In a comment on this post, David Min writes,

So if you want to say that Fannie and Freddie need major reforms because they took on an unacceptably high level of risk, particularly for taxpayer backed entities, welcome to the club. I don’t think there’s anyone who will disagree with you, certainly not anyone I’ve met who’s studied the data even a little bit. On the other hand, if you want to argue that Pinto’s “high risk” loan categories (which you are apparently agreeing are comparable to prime conforming loans) are equivalent to PLS subprime, or even PLS generally, you are completely ignoring all the data.

PLS stands for “private-label security,” the loans originated outside of Freddie Mac and Fannie Mae.

In fact, I probably would not go with Ed Pinto’s definition of high-risk loans. That is because of my bias, based on the pricing models that I helped develop. My bias is to treat the propensity for default as a function of borrower’s equity. I put a lot less weight on factors related to credit history, income, and so forth. Yes, those factors matter at the margin, but you could never convince me to price a loan with a 95 percent loan-to-value ratio as less risky than an owner-occupied purchase loan with an 80 percent loan-to-value ratio, no matter how great the credit score you had on the 95 % LTV loan.

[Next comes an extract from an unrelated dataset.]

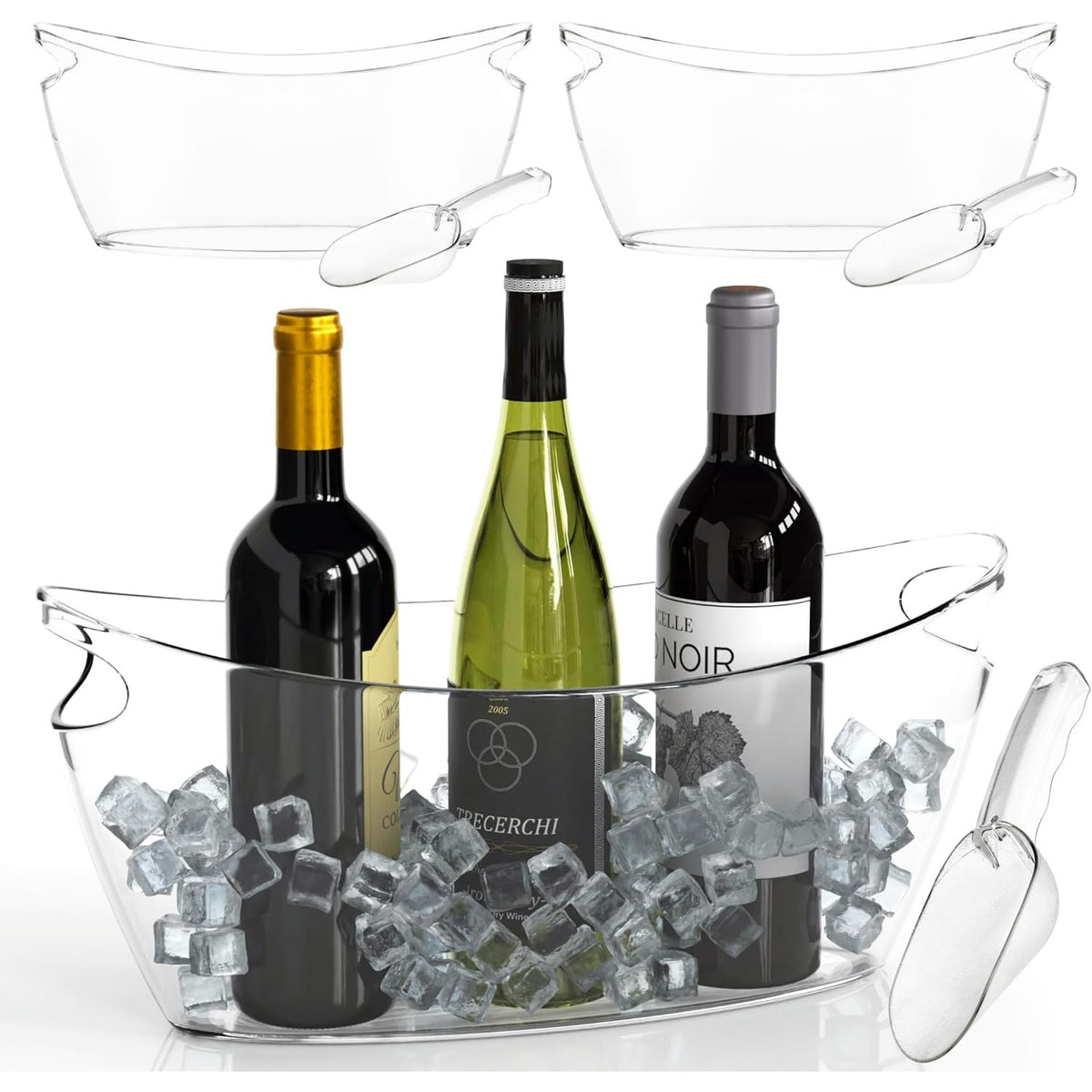 BRAND NEW ~ Set/3 Large Clear Ice Buckets Party Beverage Tub w/ Handles & Scoop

Let me explain here my bias against cash-out refinances. When somebody purchases a home, they have an incentive to negotiate the lowest price that they can get for a home. Therefore, when the appraisal comes in at the sales price, I do not worry about the appraiser’s judgment. Even if the appraiser did nothing to justify the price, the buyer is presumably not an idiot who would pay a big premium over market. But when it’s a cash-out refi, then I am totally relying on the appraiser’s judgment. And I know that the mortgage broker is going to “shop the appraiser” until he gets the “right” number. So I do not trust the appraisal, and therefore I cannot trust the loan-to-value ratio.

A cash-out refi is really a consumer loan, which may or may not have collateral behind it. I do not know how to price consumer loans. I claim to be able to price mortgage loans.

My other bias is against mortgage loans for investment properties. The problem there is you have the “ruthless defaulter.” Somebody whose house declines in value to a point below the outstanding loan balance will often continue to make payments, because they live there. But if you invest in a house and its value falls below the outstanding loan balance, you turn in the keys to the lender.

My idea of a safe loan is a loan-to-value ratio of 80 percent or less that is not a cash-out refi or an investor loan. Give me those characteristics and I am not going to worry about the credit score and the loan documentation. The NINJA loan, where the income, job, and assets of the borrower are not verified, would make me a bit nervous, but the 20 percent or more in equity would probably overcome that. As long as house prices do not fall by more than 20 percent, I don’t expect to lose money on that loan.

On the other hand, if you offer me a loan with a loan-to-value ratio over 90 percent, or a cash-out refi, or an investor loan, I have to price that loan as very risky. All it takes is a slight decline in house prices to make that a bad loan. Any of those types of loans is a risky loan, the way I look at it. (Well, an investor loan with a 50 percent LTV is probably ok).

In that sense, I think all the talk about “sub-prime” is to me a big head fake. When I think of the growth of high-risk loans in the decade leading up to the crash, I think of investor loans (which more than tripled as a percentage of total mortgage loans, according to the work of Avery and others), cash-out refis, and high-LTV loans.

In my opinion, the industry became way too obsessed with FICO scores. I was a big fan of credit scoring, but mostly because for low-risk loans I wanted to bypass the human underwriters, who I suspected added little value.

I will bet that low-risk loans, by my definition, had a default rate of much less than 5 percent, even if they were originated in 2006 or 2007. I may be overly optimistic about that, but I would like to see the numbers. My sense is there were not all that many loans done at that time that met my criteria for low risk.

Think of a Venn Diagram. Circle A includes loans that are high-risk by my definition. Circle B includes loans that are risky by other criteria, such as pay-option ARMs NINJA loans, or loans to subprime borrowers. My guess is that there was huge overlap between circle A and circle B. However, if you gave me a choice, I would prefer a portfolio of loans outside of circle A, even if they include some loans in circle B. I think that most other people, when they talk about risky mortgage loans, make it sound as if they would be fine with loans outside of circle B, even if they were in circle A. I think that’s wrong. But you have to slice and dice the data more carefully than I have seen in order to know for certain.